## AIM OF THE EXERCISE
Make an exact copy of the entries, taking out every picture.

[EXERCISE DATA — start]

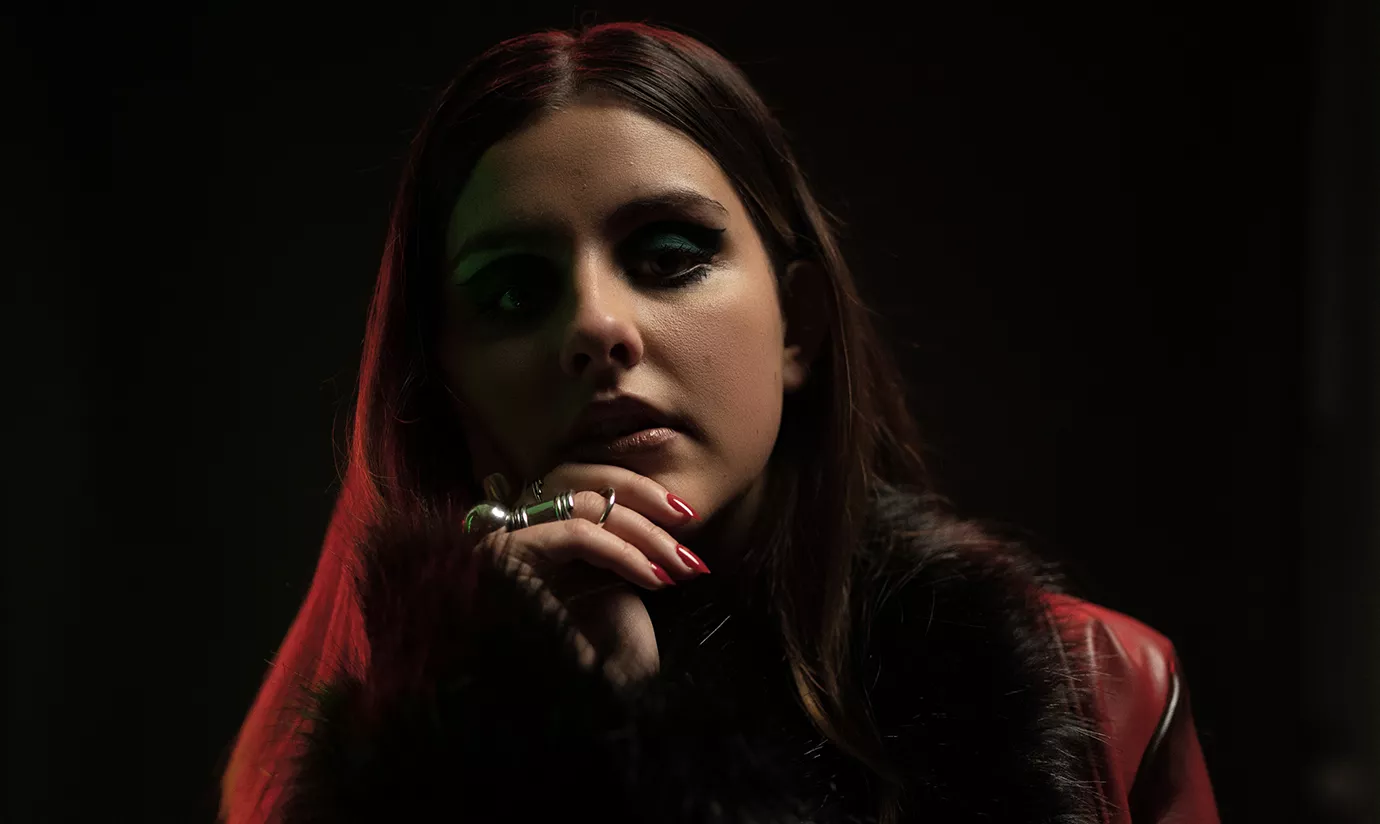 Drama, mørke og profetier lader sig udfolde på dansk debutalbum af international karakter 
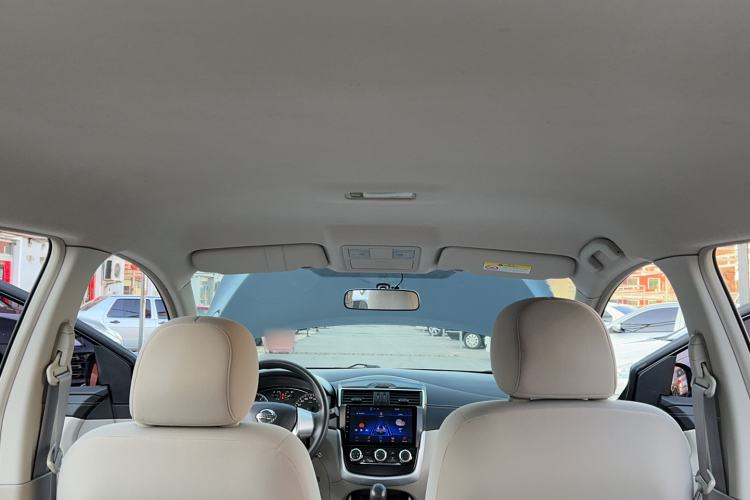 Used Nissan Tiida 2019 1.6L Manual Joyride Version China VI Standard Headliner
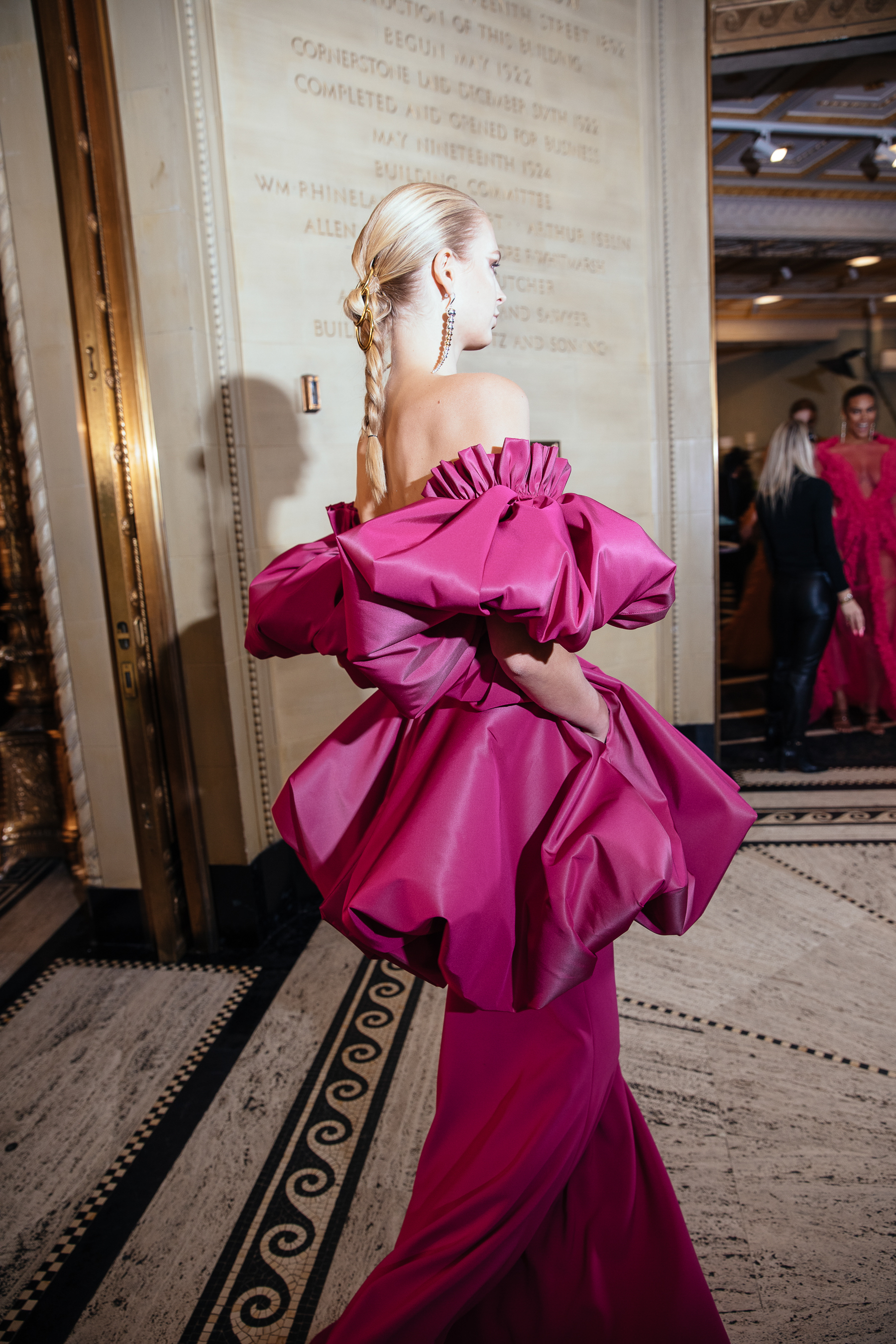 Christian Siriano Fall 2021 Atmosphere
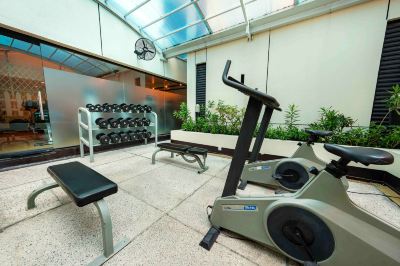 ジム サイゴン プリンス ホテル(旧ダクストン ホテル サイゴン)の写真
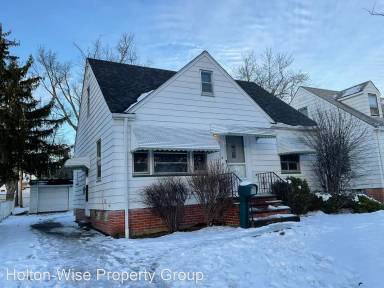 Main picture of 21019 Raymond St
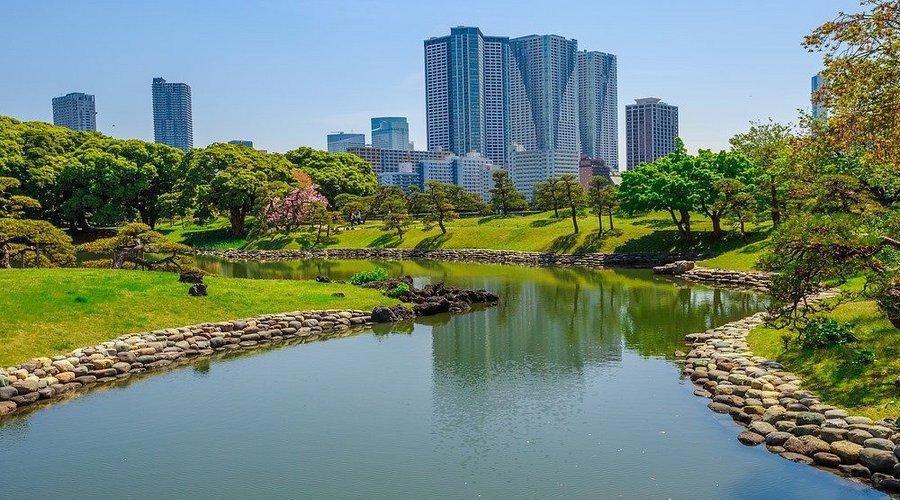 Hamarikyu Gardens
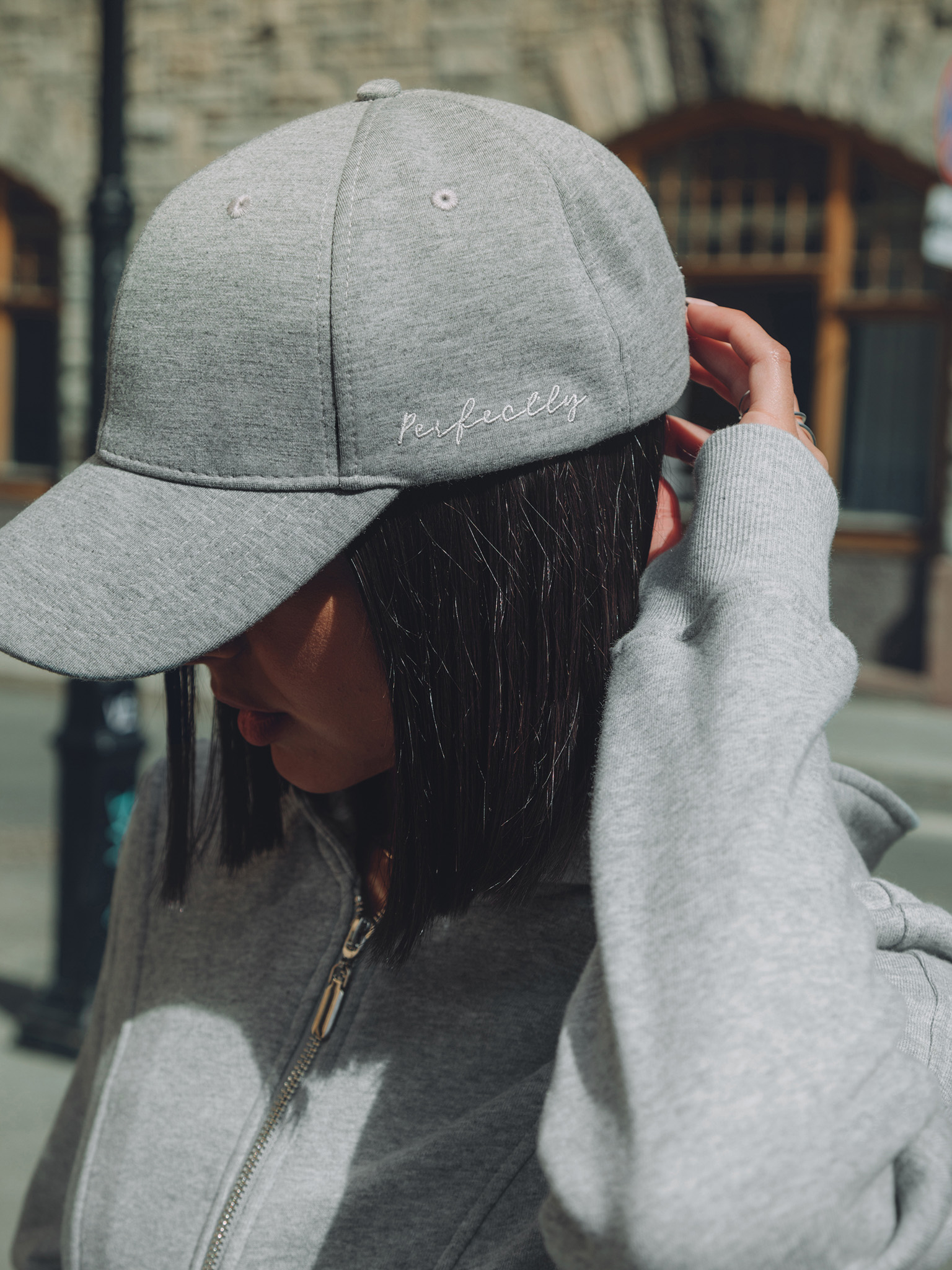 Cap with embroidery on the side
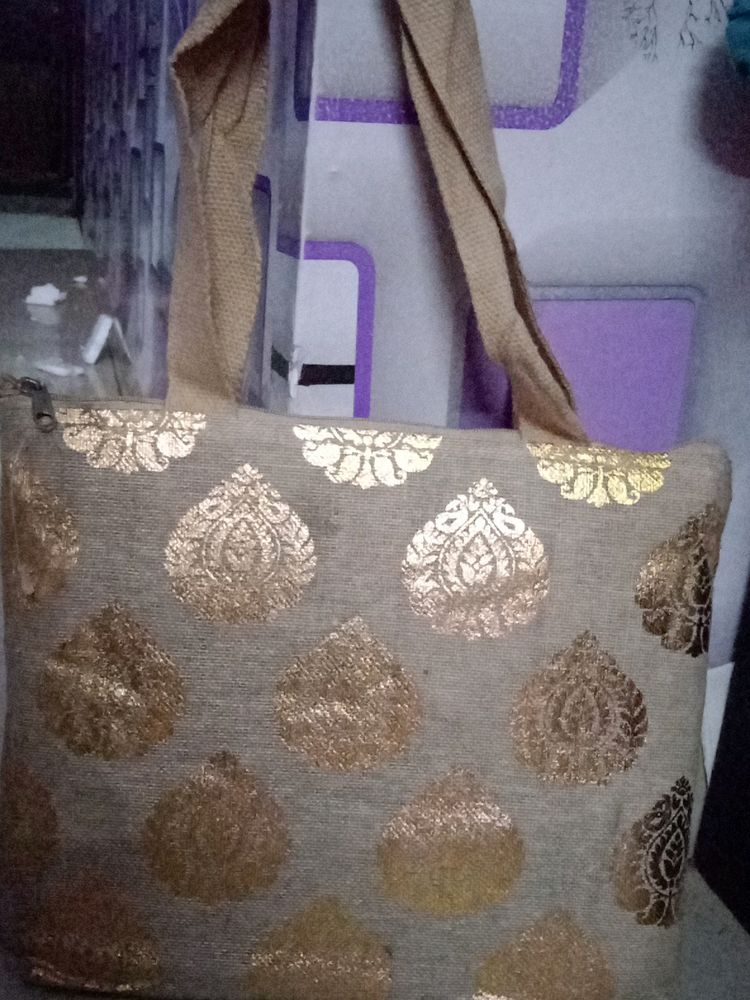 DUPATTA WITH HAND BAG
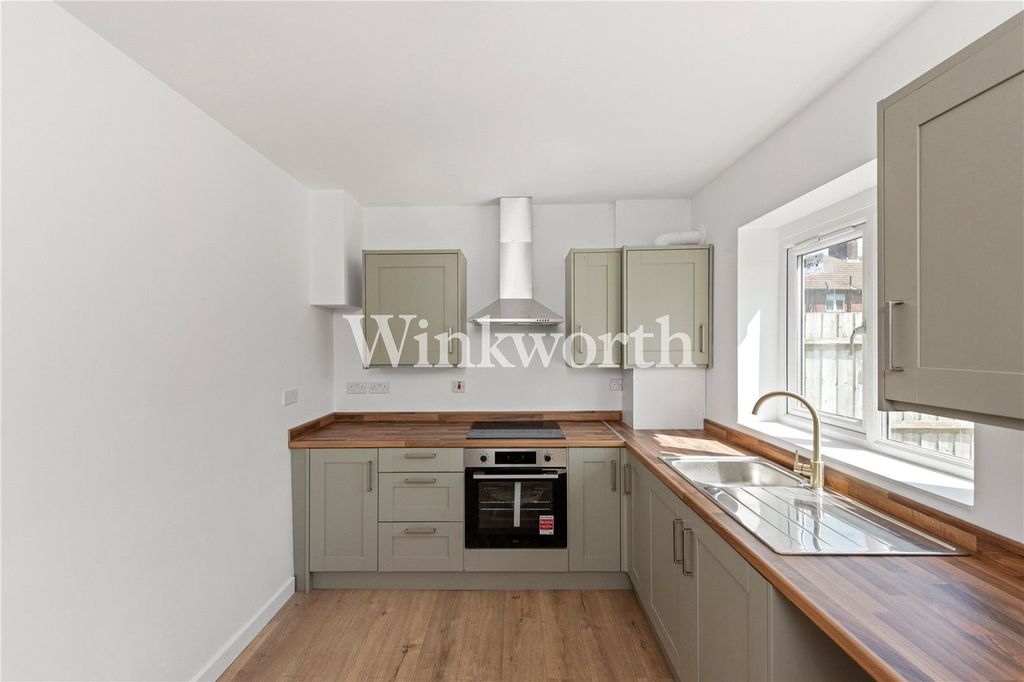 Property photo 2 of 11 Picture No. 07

[EXERCISE DATA — finish]

## PROBLEM SOLUTION
 Drama, mørke og profetier lader sig udfolde på dansk debutalbum af international karakter 
 Used Nissan Tiida 2019 1.6L Manual Joyride Version China VI Standard Headliner
 Christian Siriano Fall 2021 Atmosphere
 ジム サイゴン プリンス ホテル(旧ダクストン ホテル サイゴン)の写真
 Main picture of 21019 Raymond St
 Hamarikyu Gardens
 Cap with embroidery on the side
 DUPATTA WITH HAND BAG
 Property photo 2 of 11 Picture No. 07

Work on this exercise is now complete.